» Data for this exercise
====
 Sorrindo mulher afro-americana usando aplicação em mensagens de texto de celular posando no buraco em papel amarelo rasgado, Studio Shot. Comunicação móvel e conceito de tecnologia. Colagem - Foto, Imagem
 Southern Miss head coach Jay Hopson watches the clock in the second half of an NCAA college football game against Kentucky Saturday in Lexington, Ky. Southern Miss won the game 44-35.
====
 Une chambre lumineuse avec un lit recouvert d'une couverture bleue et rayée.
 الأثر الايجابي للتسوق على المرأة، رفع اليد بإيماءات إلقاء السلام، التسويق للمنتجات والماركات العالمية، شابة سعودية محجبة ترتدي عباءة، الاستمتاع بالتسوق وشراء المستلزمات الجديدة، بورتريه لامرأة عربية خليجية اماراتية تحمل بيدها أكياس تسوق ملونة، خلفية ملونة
====
» What to work on
Retype, exactly and in full, the lines above from the one containing "Une chambre lumineuse" through the one containing "الأثر الايجابي للتسوق".

» Result
 Une chambre lumineuse avec un lit recouvert d'une couverture bleue et rayée.
 الأثر الايجابي للتسوق على المرأة، رفع اليد بإيماءات إلقاء السلام، التسويق للمنتجات والماركات العالمية، شابة سعودية محجبة ترتدي عباءة، الاستمتاع بالتسوق وشراء المستلزمات الجديدة، بورتريه لامرأة عربية خليجية اماراتية تحمل بيدها أكياس تسوق ملونة، خلفية ملونة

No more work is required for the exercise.